From: changhuaixin <changhuaixin@linux.alibaba.com>
To: Peter Zijlstra <peterz@infradead.org>
Cc: changhuaixin <changhuaixin@linux.alibaba.com>,
	Benjamin Segall <bsegall@google.com>,
	dietmar.eggemann@arm.com, juri.lelli@redhat.com,
	khlebnikov@yandex-team.ru,
	open list <linux-kernel@vger.kernel.org>,
	mgorman@suse.de, mingo@redhat.com, Odin Ugedal <odin@uged.al>,
	Odin Ugedal <odin@ugedal.com>,
	pauld@redhead.com, Paul Turner <pjt@google.com>,
	rostedt@goodmis.org, Shanpei Chen <shanpeic@linux.alibaba.com>,
	Tejun Heo <tj@kernel.org>,
	Vincent Guittot <vincent.guittot@linaro.org>,
	xiyou.wangcong@gmail.com, dtcccc@linux.alibaba.com
Subject: Re: [PATCH v4 1/4] sched/fair: Introduce primitives for CFS bandwidth burst
Date: Wed, 12 May 2021 20:41:20 +0800	[thread overview]
Message-ID: <5371BD36-55AE-4F71-B9D7-B86DC32E3D2B@linux.alibaba.com> (raw)
In-Reply-To: <YFNsKGKRL3SaJNZk@hirez.programming.kicks-ass.net>

> On Mar 18, 2021, at 11:05 PM, Peter Zijlstra <peterz@infradead.org> wrote:
> 
> On Thu, Mar 18, 2021 at 09:26:58AM +0800, changhuaixin wrote:
>>> On Mar 17, 2021, at 4:06 PM, Peter Zijlstra <peterz@infradead.org> wrote:
> 
>>> So what is the typical avg,stdev,max and mode for the workloads where you find
>>> you need this?
>>> 
>>> I would really like to put a limit on the burst. IMO a workload that has
>>> a burst many times longer than the quota is plain broken.
>> 
>> I see. Then the problem comes down to how large the limit on burst shall be.
>> 
>> I have sampled the CPU usage of a bursty container in 100ms periods.

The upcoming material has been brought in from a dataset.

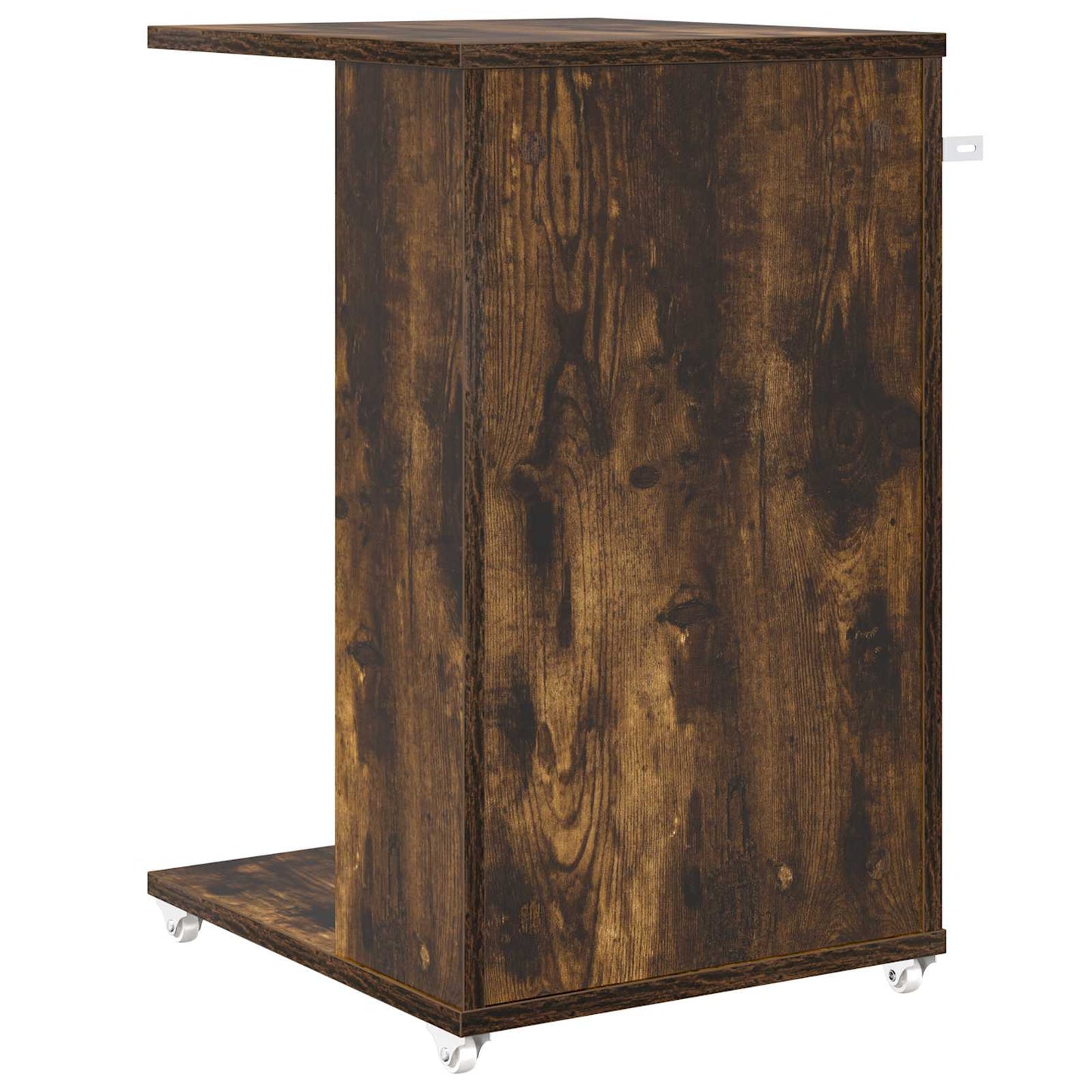 Sidebord med hjul Røget eg 40 x 35 x 60 cm Konstrueret træ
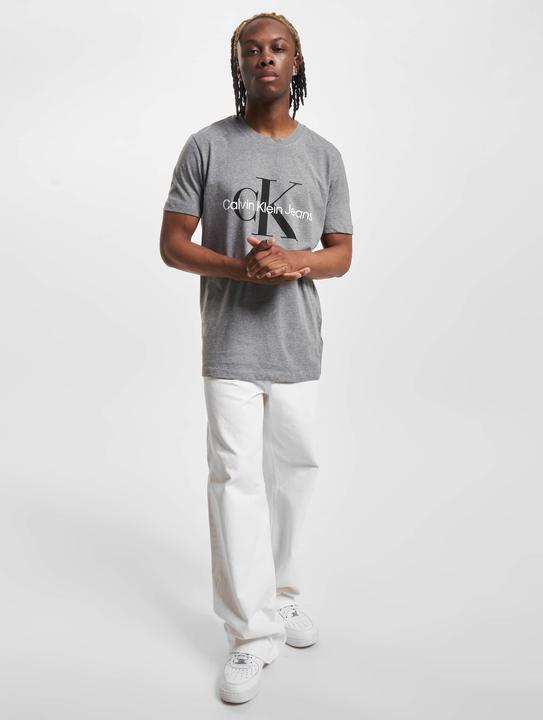 Produktbild Calvin Klein Jeans Jeans Herren T-Shirt Kurzarm Core Monologo Slim Fit, Grau (Mid Grey Heather), L (L)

The statistics are:
> 
> So CPU usage isn't exactly what is required, job execution time is what
> you're after. Assuming there is a relation...
> 
>> average	: 42.2%
>> stddev	: 81.5%
>> max		: 844.5%
>> P95		: 183.3%
>> P99		: 437.0%
> 
> Then your WCET is 844% of 100ms ? , which is .84s.
> 
> But you forgot your mode; what is the most common duration, given P95 is
> so high, I doubt that avg is representative of the most common duration.
> 
>> If quota is 100000ms, burst buffer needs to be 8 times more in order
>> for this workload not to be throttled.
> 
> Where does that 100s come from? And an 800s burst is bizarre.
> 
> Did you typo [us] as [ms] ?
> 
>> I can't say this is typical, but these workloads exist. On a machine
>> running Kubernetes containers, where there is often room for such
>> burst and the interference is hard to notice, users would prefer
>> allowing such burst to being throttled occasionally.
> 
> Users also want ponies. I've no idea what kubernetes actually is or what
> it has to do with containers. That's all just word salad.
> 
>> In this sense, I suggest limit burst buffer to 16 times of quota or
>> around. That should be enough for users to improve tail latency caused
>> by throttling. And users might choose a smaller one or even none, if
>> the interference is unacceptable. What do you think?
> 
> Well, normal RT theory would suggest you pick your runtime around 200%
> to get that P95 and then allow a full period burst to get your P99, but
> that same RT theory would also have you calculate the resulting
> interference and see if that works with the rest of the system...
> 
> 16 times is horrific.
> 
> 

Hi,

We have discussed much about the benefit of using the burst feature previously in the
thread[1]. This mail shows the interference on the rest of the system when burst buffer is used,
when runtime is under exponential[2], poisson[3] or pareto[4] distribution. Test results showed that,
interference is more sensitive to the average utilization and the number of cgroups, than to burst buffer
size. If there are many cgroups and CPU is under utilized, a large burst buffer is acceptable. If there are
a small number of cgroups or CPU utilization is high, burst buffer should not be used.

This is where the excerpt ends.